Common Resume Errors

Just about everyone will have to compose a résumé at some point in his or her professional life. However, few people ever receive information or instruction on how to compile this kind of document effectively. Below, you will find some mistakes that many résumé-writers make and strategies for avoiding and repairing them.

Résumé Mistake #1: Assuming that there is only one correct format or layout for a résumé.

Of course, there are some "rules" of résumé-writing that all applicants should follow. However, the best résumés are those that are built around the applicant's specific credentials, and can take many forms.

Remember:

  • Most résumés will be organized in one of two ways: chronological or skills.
  • There are two basic ways of arranging your résumé on the page: indented and two-margin. Mix and match these within your résumé to keep it visually interesting and emphasize important information.
  • Create labels for each section that are recognizable and tailored to your strong points.
    • Add relevant categories as needed. Common categories include Education, Experience, Computer Skills, and Foreign Languages.
    • Combine headings so that you have at least 2 or 3 substantive items under each one.
    • If you have many points under a heading (more than 7 or so), create subheadings within it.
    • Avoid putting major categories together (for example, by creating a heading for Education and Work Experience).

Résumé Mistake #2: Including a Career Objective at the beginning of every résumé…

Many people begin their résumés with a Career Objective or similar statement. Although these might help the writer focus, they are only necessary in certain circumstances, and may not be advisable in others. It is very difficult to write a good Career Objective, and a statement of this sort that is poorly worded or overly vague can hurt your employment prospects.

Remember:

  • A Career Objective can be helpful if the job for which you're applying doesn't seem to relate clearly to your education or previous work experience.
  • You may also want to include a Career Objective if your school or department provides employers with résumés from a number of students with different majors.
  • In other cases, include a Career Objective only if you can write one that is powerful and effective.
  • If you decide to include a Career Objective, it's a good idea to customize it with the name of the company to which you are applying.

Résumé Mistake #3: Promising that your "References are Available upon Request"…

Although many job seekers assume that this is a generous strategy, promising the employer further information without giving them too much to read, there is no reason to include this statement. Employers will assume that your references are available to them.

Remember:

  • Always include complete references upfront if your potential employer requests them.
  • If the employer does not specifically request references with the résumé, you may omit this category.

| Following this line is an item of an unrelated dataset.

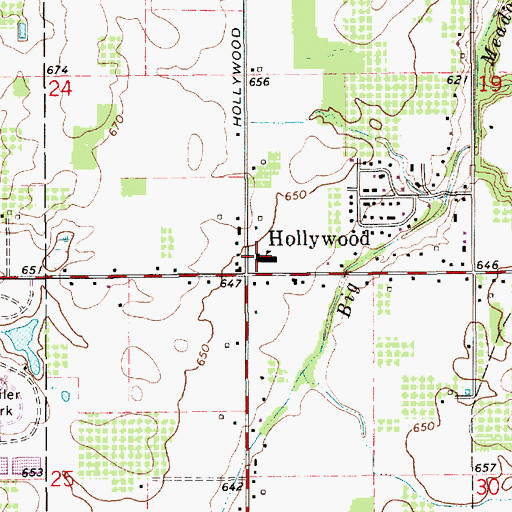 Topographic Map of Hollywood Elementary School, MI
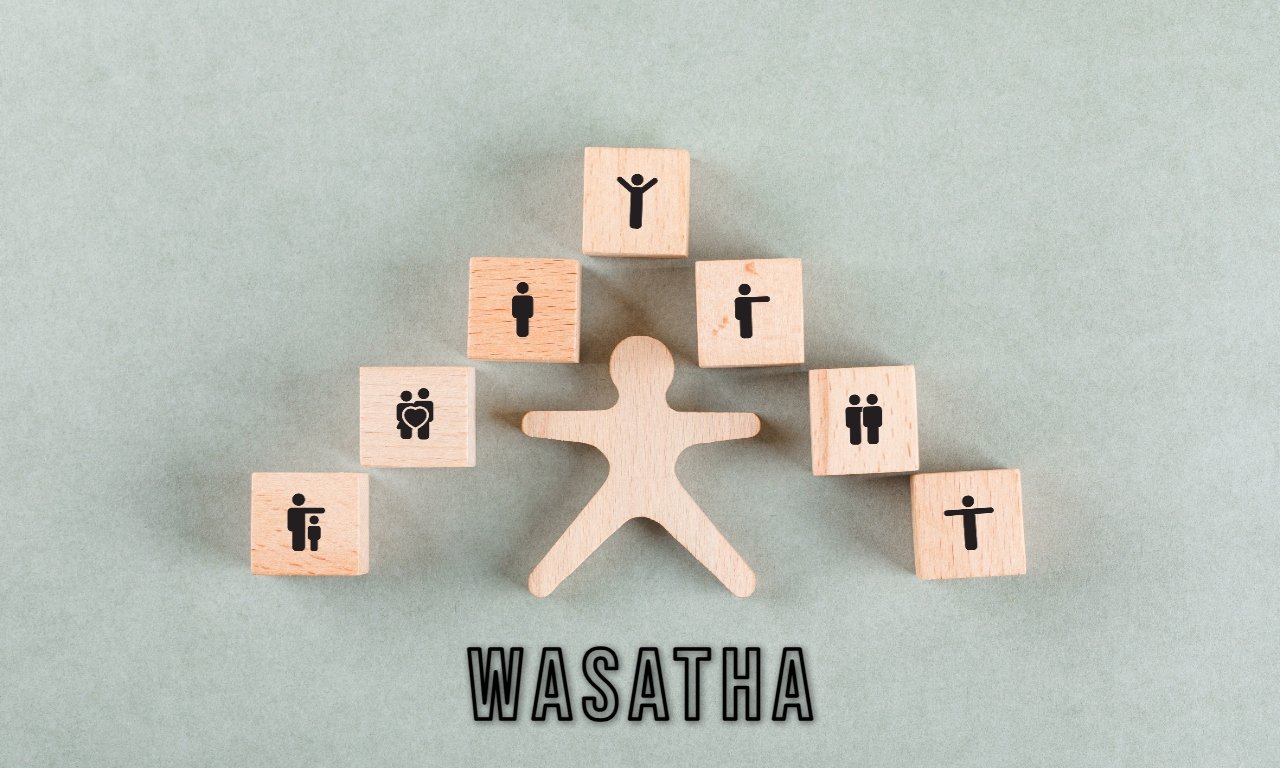 Illustration of balance and harmony representing the philosophy of Wasatha, with people, nature, and community in equilibrium.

Bonus Job-Hunting Advice: Don't forget to bring reference information with you to the interview (even if you included it on the résumé)! Very often, employers will not consult references until they are seriously considering an applicant. Be prepared to provide them with all necessary contact information. Also, some applications will ask whether or not they have your permission to contact your past and current employers. If you are looking for a job without your current employer's knowledge, it is not unusual (and generally not a major problem) to ask that your prospective employer not contact your current job.

Résumé Mistake #4: Cramming all of your information onto a single page…

One page is often enough. However, if you have extensive credentials, use two pages. Employers will make the effort to turn the page if the story you tell about your skills and experience is compelling and relevant to the job. More information allows you to be more persuasive.

  • If you have looked at your résumé carefully and eliminated everything that is non-essential but still need more room, don't hesitate to use a second page.
  • Use your space economically. Don't take advantage of a potential employer's good nature by padding your résumé with tangential information (no matter how interesting you might be ...).
  • Your résumé must be visually inviting as well as informative. Don't use fonts that are too small to read comfortably or too large to seem professional. Also, consider your margins carefully.